Ethics, Æsthetics, Ecology, Education

What Is Creative Research?

The Response of Creative Research

Creative research is the name of an emerging field that seeks to develop new ways of understanding, situating, and reconfiguring knowledge in the telematic age.  Specifically, it is devoted to the rethinking and recalibration of unstable, fast-changing relations between machine-generated data and human experience, theory and practice, life and mind, the possible and the real, perception and intelligence, truth and falsity, time and judgment, medium and matter, process and end-driven behavior.  It addresses the challenge of living amid virtually infinite streams of information while lacking adequate means of arranging, patterning, and making meaning of this massive accumulation of data.  Almost every human endeavor at present, whether academic, entrepreneurial, or professional, is now dependent on research even as the old protocols for carrying out research as well as gauging its value and significance have become largely inoperative; in some cases, they have disappeared entirely.

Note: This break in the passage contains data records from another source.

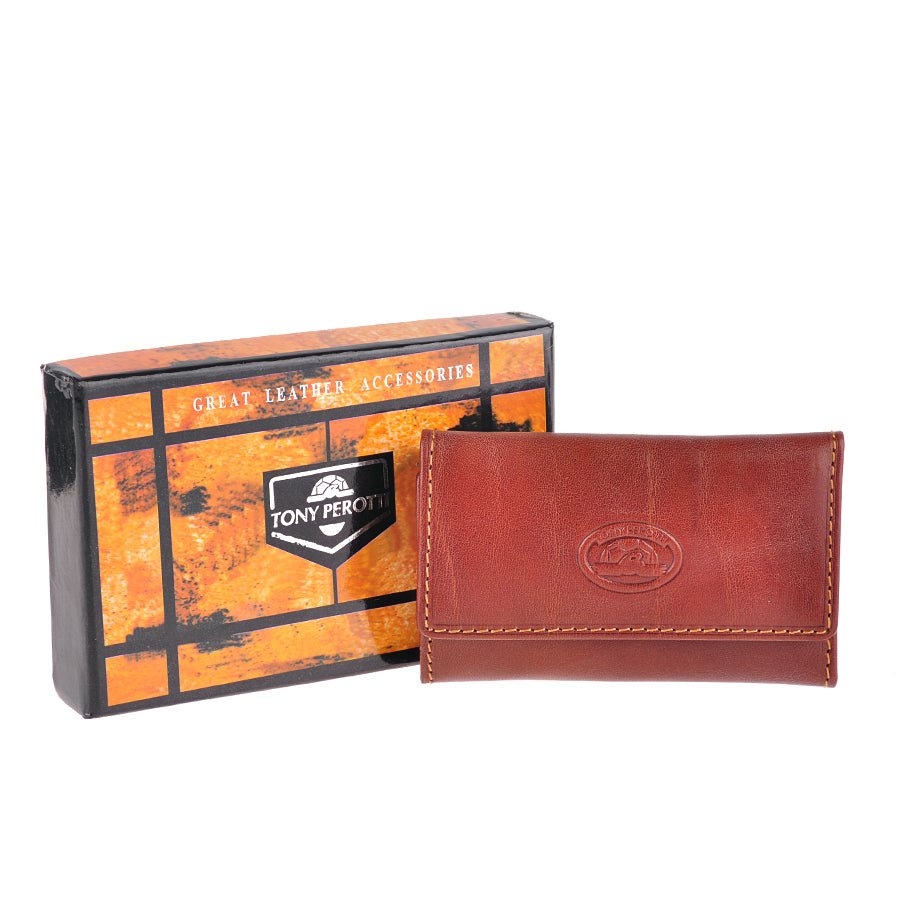 Cognac leather key case beside its branded Tony Perotti box, handcrafted in Italy — Italico 1117 cognac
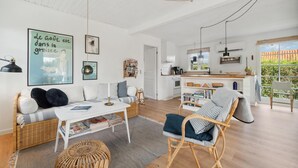 Un salon spacieux avec un canapé, une table basse et des fauteuils en osier. On aperçoit une cuisine à l’arrière-plan, avec un coin repas.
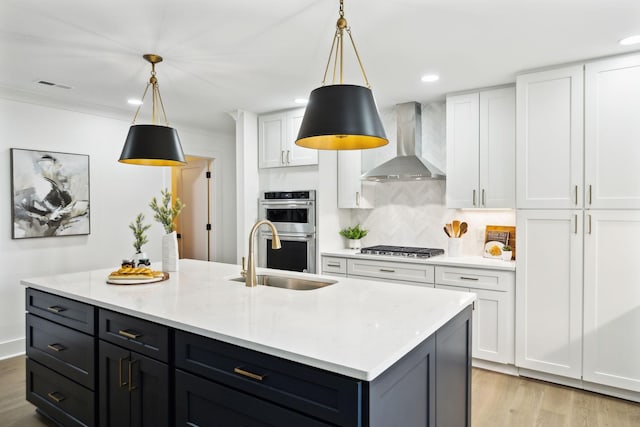 358 Coopertown Rd, Unionville, TN 37180 - kitchen featuring wall chimney range hood, stainless steel appliances, a sink, light wood-type flooring, and white cabinets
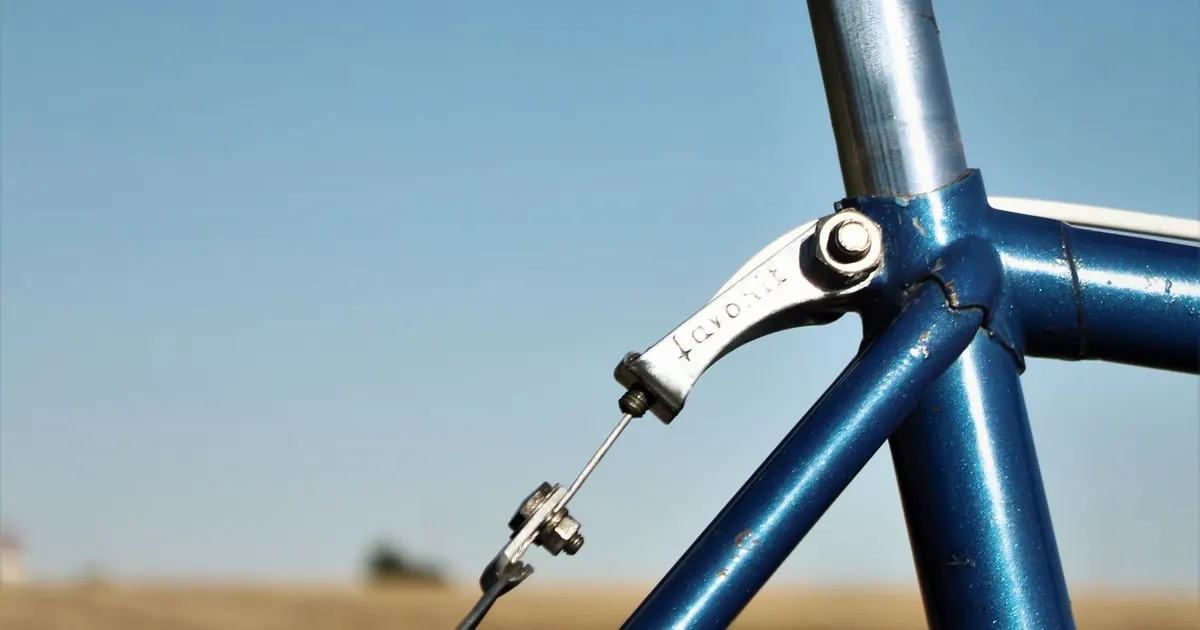 Seat tube and seatpost binder clamp on a blue steel bicycle frame against a clear sky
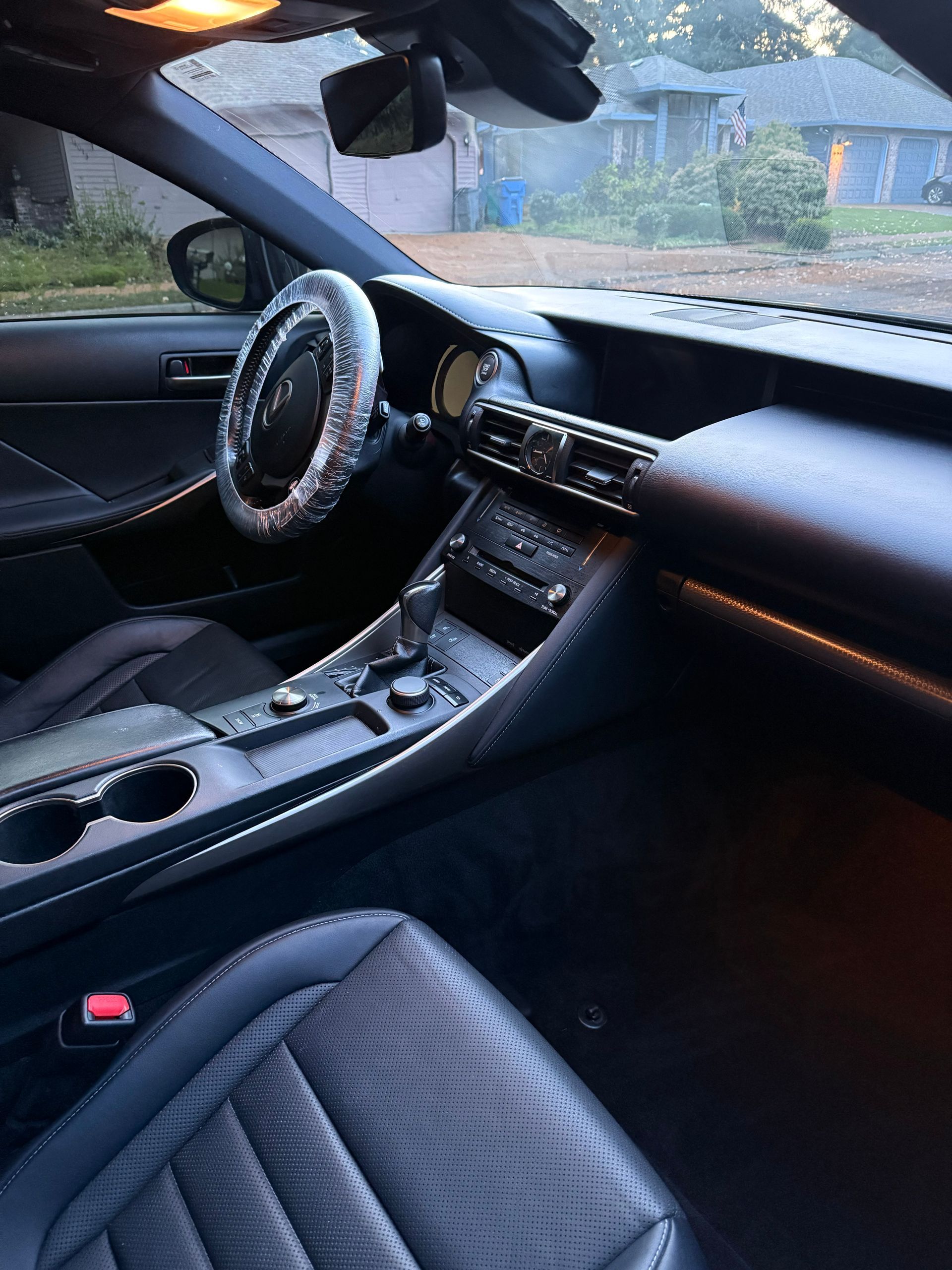 Car interior with black leather seats, steering wheel cover, and dashboard in a parked car at dusk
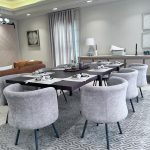 “Gray barrel chairs + bubble chandelier + all the natural light = dining room goals unlocked.” A bright modern open-plan dining room with a long dark-wood rectangular table set for eight, surrounded by plush light-gray upholstered barrel chairs on black metal legs. The table features gray placemats, white plates, and minimalist tableware under a contemporary bubble-glass chandelier. A large geometric gray area rug sits beneath, with floor-to-ceiling sheer white curtains, a cognac leather sofa visible on the left, and neutral abstract artwork on the walls.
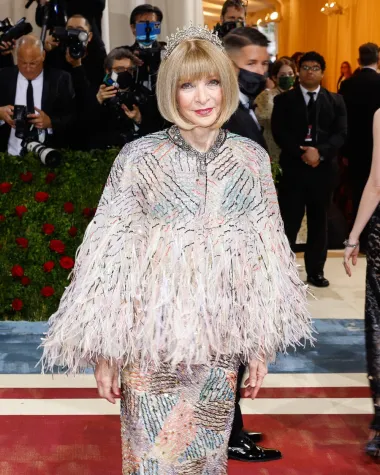 Modna urednica američkog Voguea, slavna i zloglasna Anna Wintour, na ovogodišnjoj se Met Gali pojavila u ovom neobičnom matching setu s pončom i tiarom na vrhu glave. Sve prisutne je iznenadilo što nije nosila svoje sunčane naočale, bez kojih se inače ne pojavljuje ni na jednom eventu. Kracija je inače dizajn modne kuće Chanel, a svakako izgleda raskošno i pomalo otkačeno - taman kao posveta ionako uvijek drugačijem američkom modnom izričaju. 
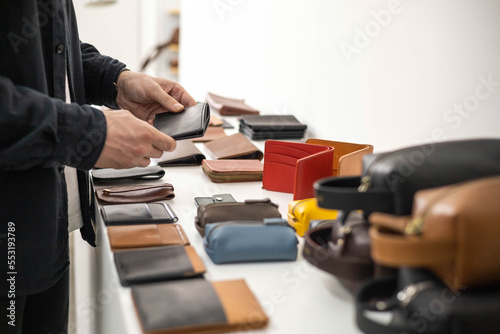 Craftsman hands laying out leatherwork on wooden showcase at leather workshop. Handwork accessories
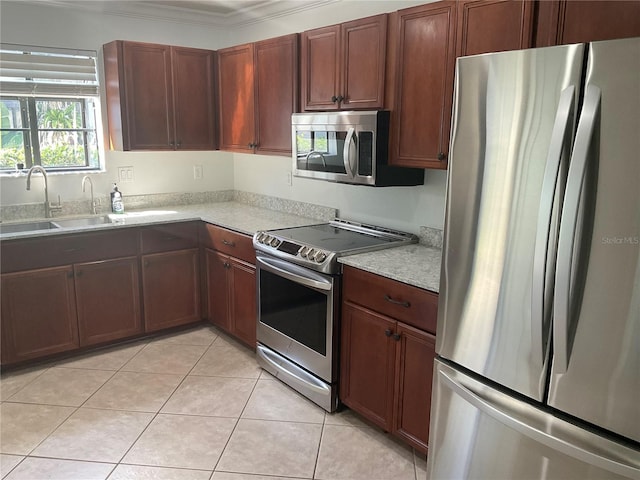 kitchen with a sink, light tile patterned floors, stainless steel appliances, and light countertops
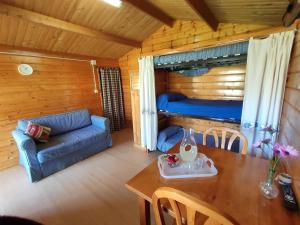 - un salon avec une table, un canapé et un lit dans l'établissement CAMPING A GRANDELLA, à El Franco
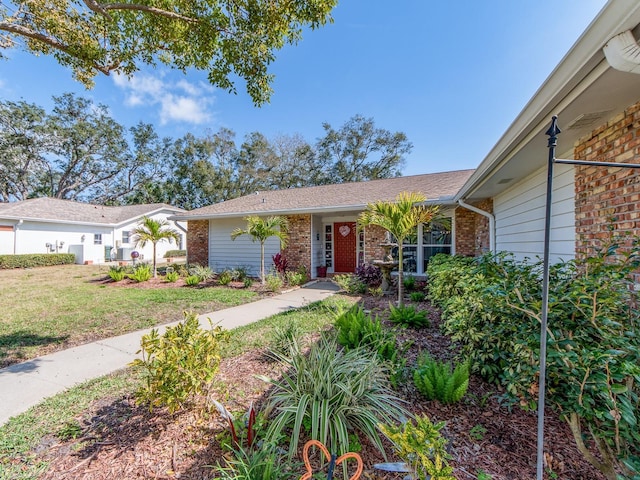 ranch-style home featuring brick siding and a front lawn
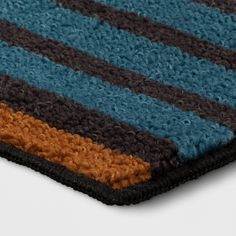 a blue, brown and black striped rug on a white surface with no people around it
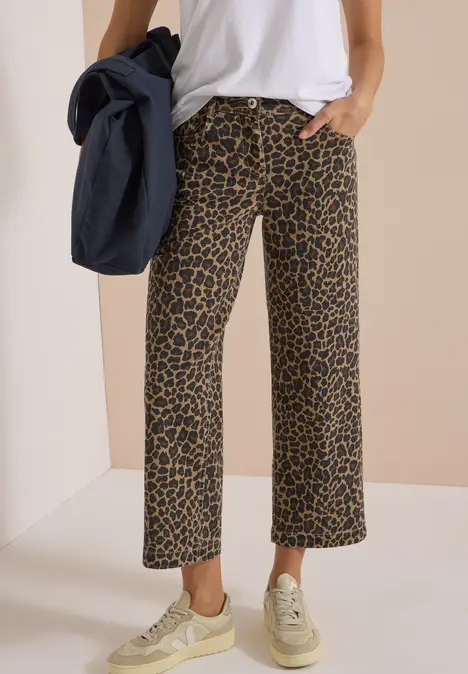 Eine Person trägt eine weiße Bluse, weite Leo-Hose und Sneaker vor beigem Hintergrund.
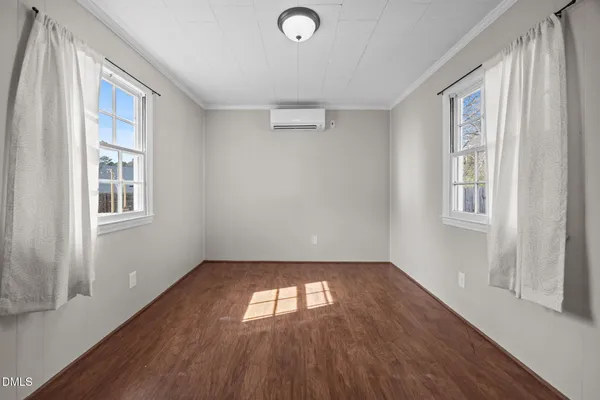 an empty room with wooden floor ceiling fan and windows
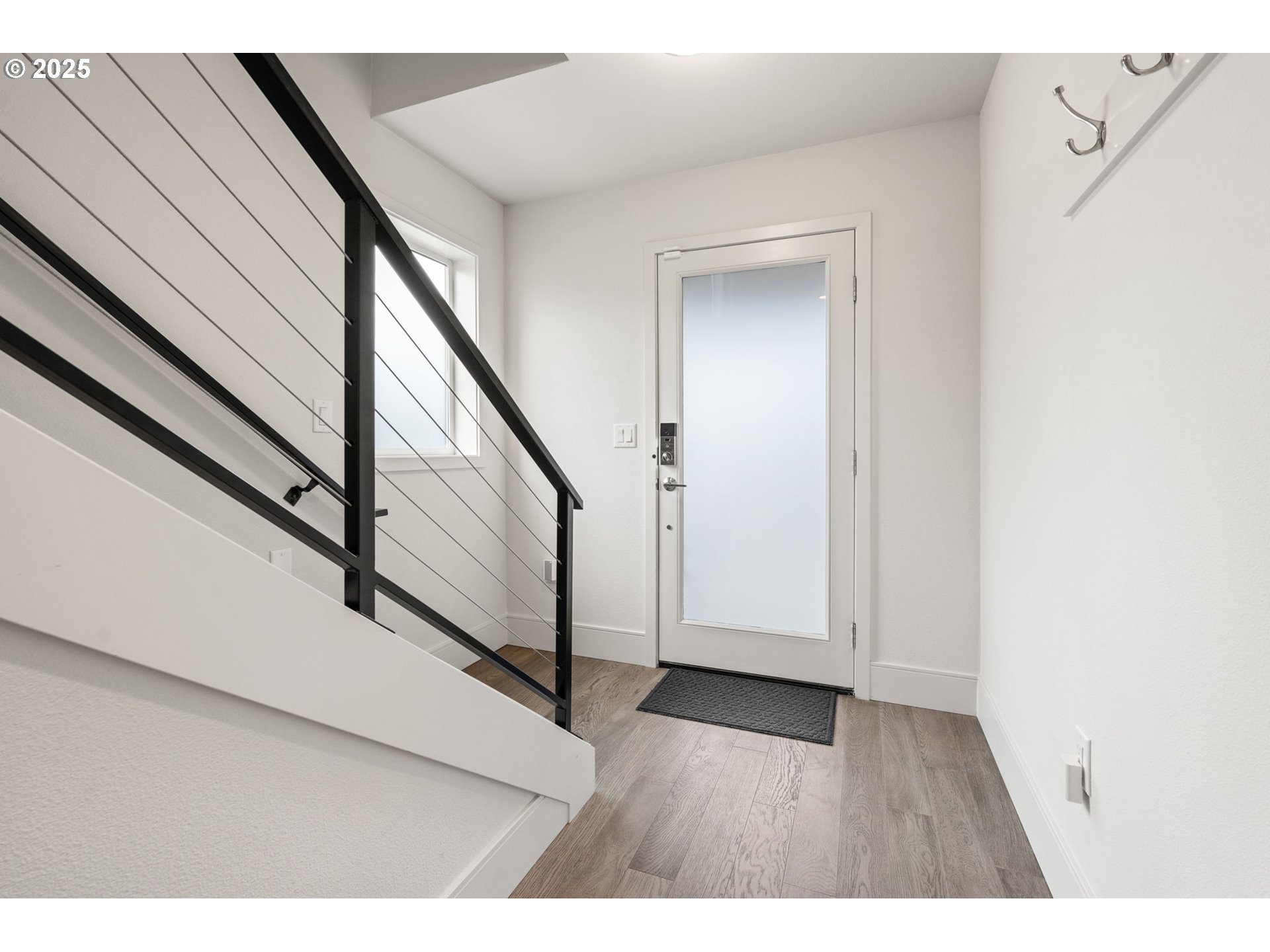 7204 Southeast Steele Street Portland, OR 97206 - Photo 4 of 37 a view of an entryway with wooden floor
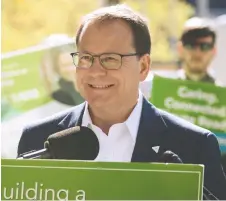  ?? TIJANA MARTIN/CANADIAN PRESS ?? Ontario Green party Leader Mike Schreiner speaks to supporters during a news conference at Bloor-bedford Parkette in Toronto on Tuesday, as part of his election campaign tour.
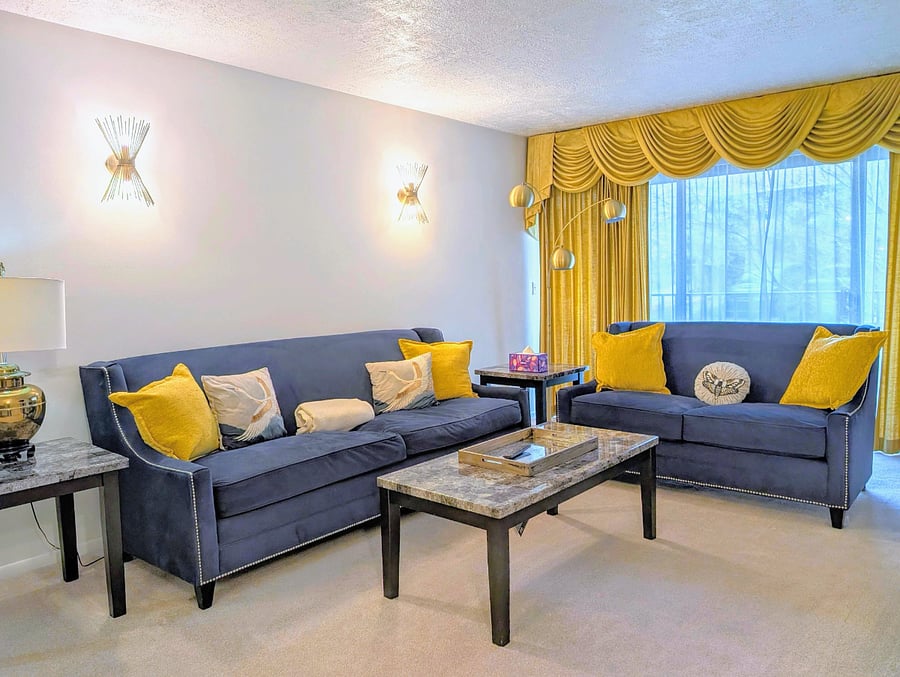Large living room with electric fireplace and TV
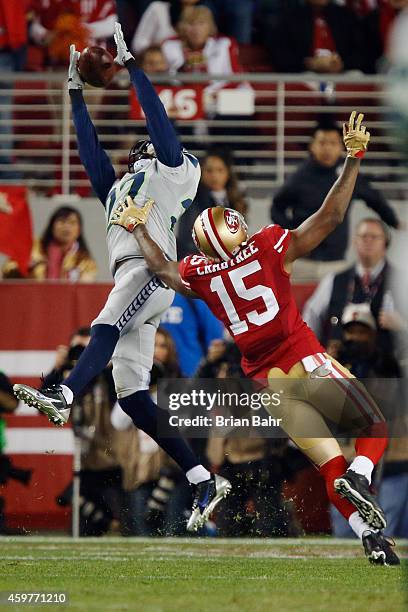 Cornerback Tharold Simon of the Seattle Seahawks tries to get his hands on a pass against wide receiver Michael Crabtree of the San Francisco 49ers...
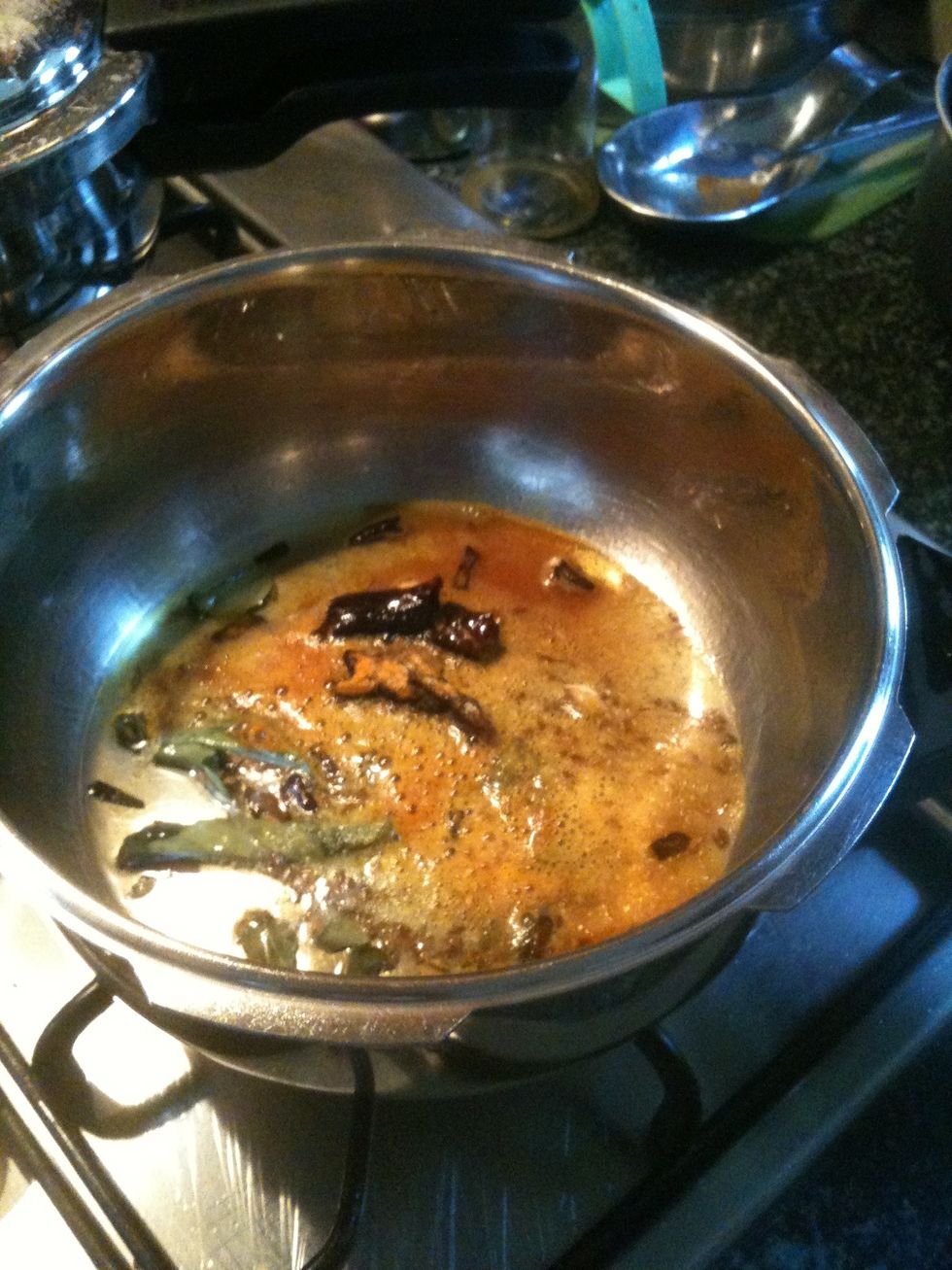 In a pressure cooker heat olive oil, add curry leaves, dried chili, cinnamon stick, cloves, cumin seeds,turmeric powder, asafetida.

The OICR was created to address these challenges.  Through intensive training in critique, critical theory, and research design and methods, students examine approaches, practices, and protocols inherent to various forms of research, qualitative and quantitative, in terms of their ideological and epistemological assumptions, attitudes, and contexts as well as their political and ethical trajectories.  They learn how to assess the research of others as well as design their own research, drawing upon a range of methods from statistics, field research, surveys, and interviews to observation, experience, and so-called intuition.  They rethink critical questions and ruling assumptions pertaining to capture, documentation, aggregation, scalability, iterability, applicability, knowability, relevance, prediction, consequence, ownership, falsifiability, truth, belief, and judgment, among others.

Cultural historians predict that within the next one to two decades, the number of individuals capable of thinking both critically and creatively and with historical and theoretical depth will diminish radically.  Projected top-jobs lists, accordingly, include “poet,” a reference to the rare individual capable of combining rigor, precision, and imagination.  The major goal of OICR is to train a critical body of thinkers and practitioners to address crucial questions in substantially new ways, switching back and forth between the analogue and the digital, the linear and the nonlinear, the visual and the textual, the past and the future.  Particular attention is paid to investigations of the role played by experiential knowledge and sense-based critique as a respected tradition and exacting practice.  We seek to forge a discipline that does for the new relations obtaining between words, images, and objects what rhetoric accomplished for language; to unify the major strands of critical theory, revivifying the tradition as a powerful tool of criticism, critique, and social justice; and to create new means for distinguishing truth and falsehood in the digital age.